__Brief__: Leave out the pictures and restate the rest of the data exactly.

__Given information__:
[Start of Attachment]

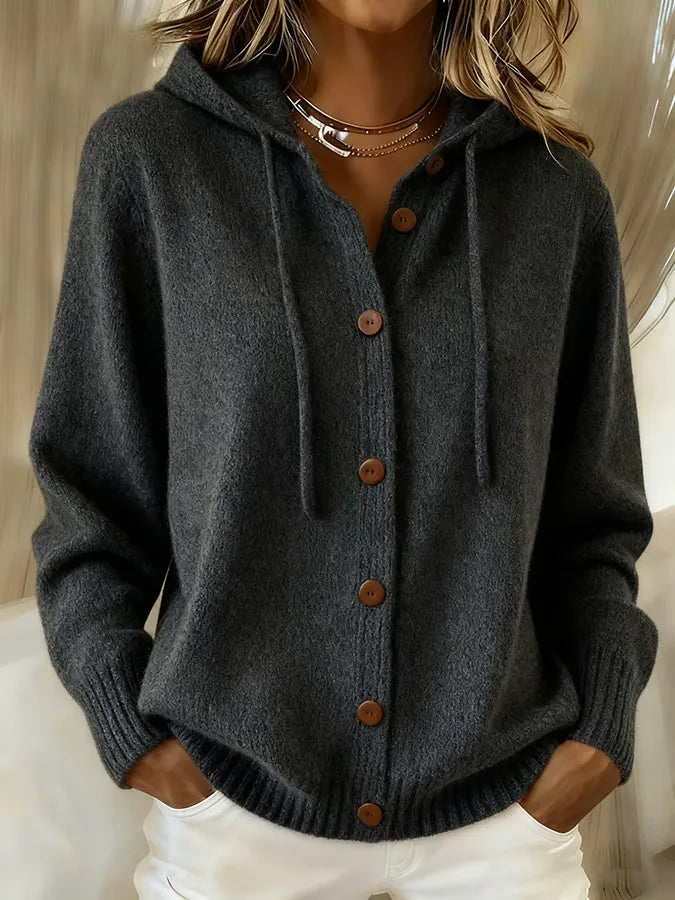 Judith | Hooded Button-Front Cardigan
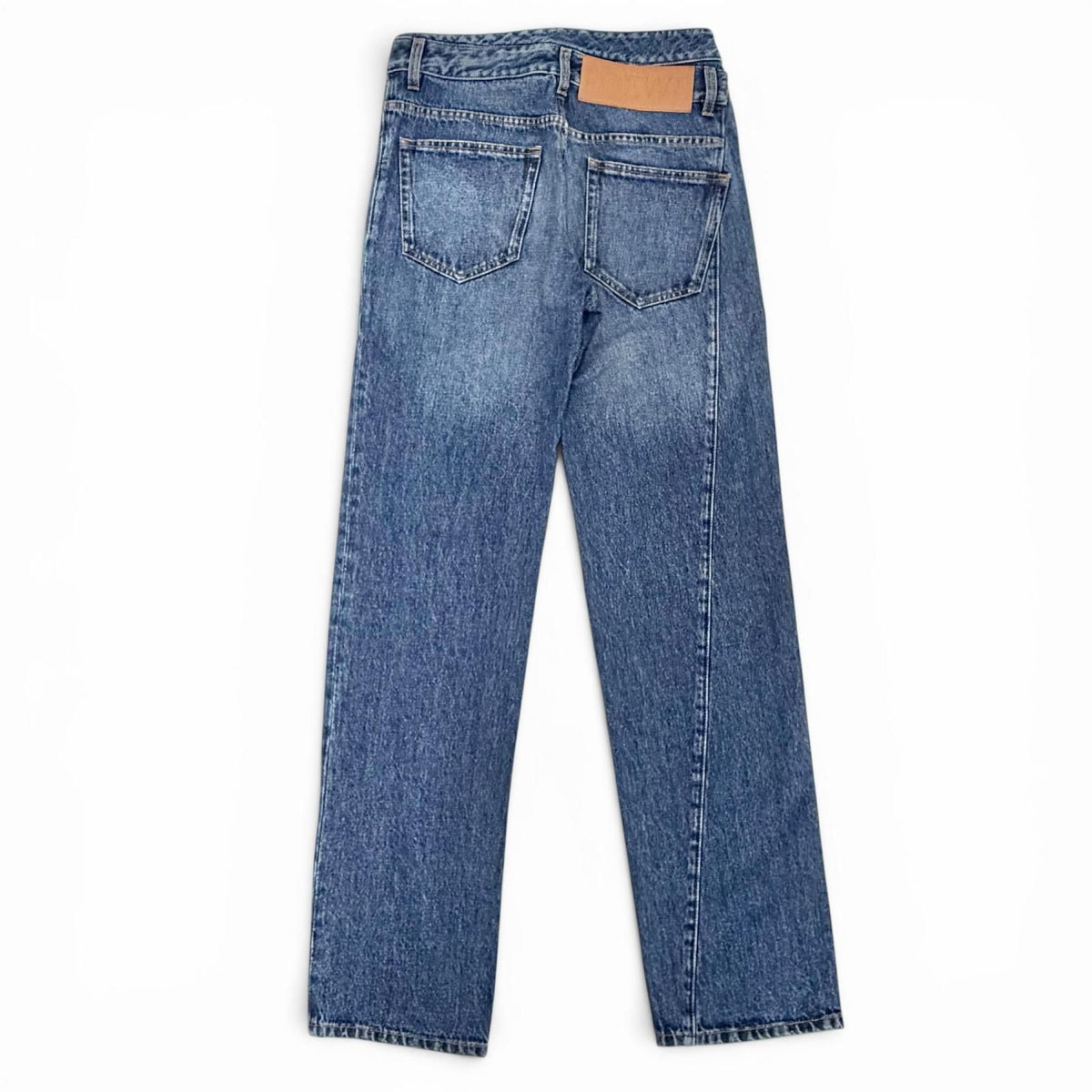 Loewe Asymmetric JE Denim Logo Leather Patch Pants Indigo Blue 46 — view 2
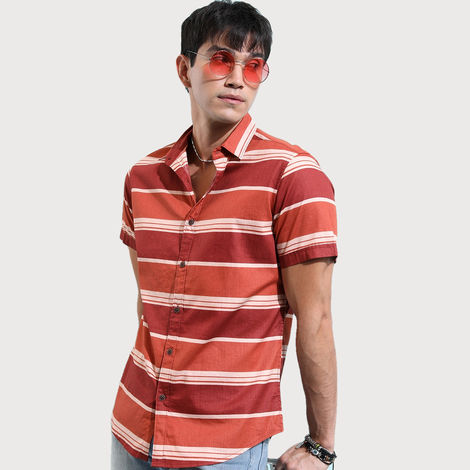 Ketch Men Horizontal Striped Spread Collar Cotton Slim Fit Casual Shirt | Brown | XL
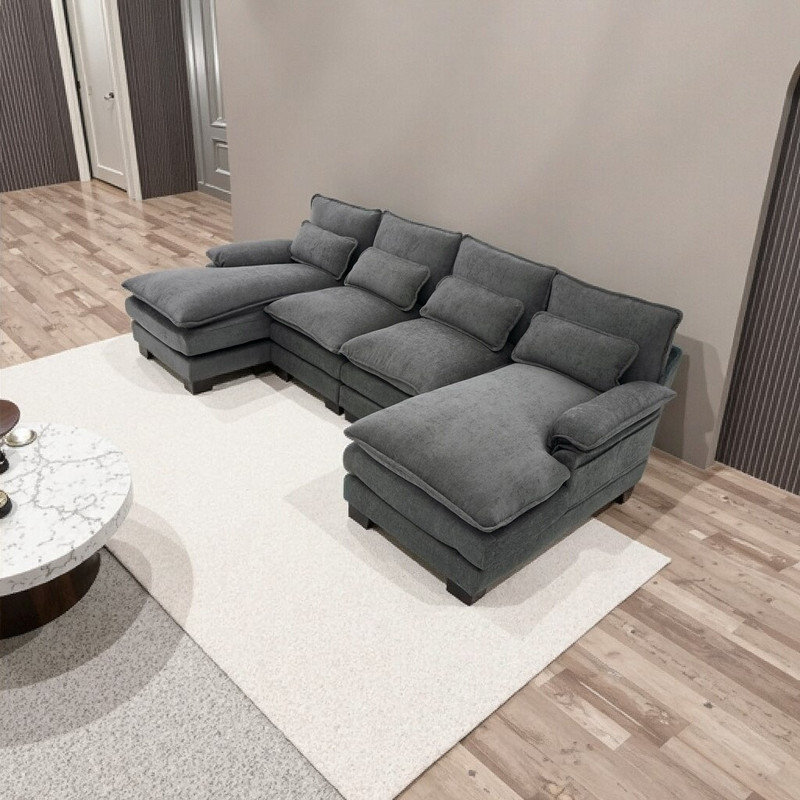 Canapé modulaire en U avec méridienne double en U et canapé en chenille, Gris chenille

[End of Attachment]

__Task answer__:
 Judith | Hooded Button-Front Cardigan
 Loewe Asymmetric JE Denim Logo Leather Patch Pants Indigo Blue 46 — view 2
 Ketch Men Horizontal Striped Spread Collar Cotton Slim Fit Casual Shirt | Brown | XL
 Canapé modulaire en U avec méridienne double en U et canapé en chenille, Gris chenille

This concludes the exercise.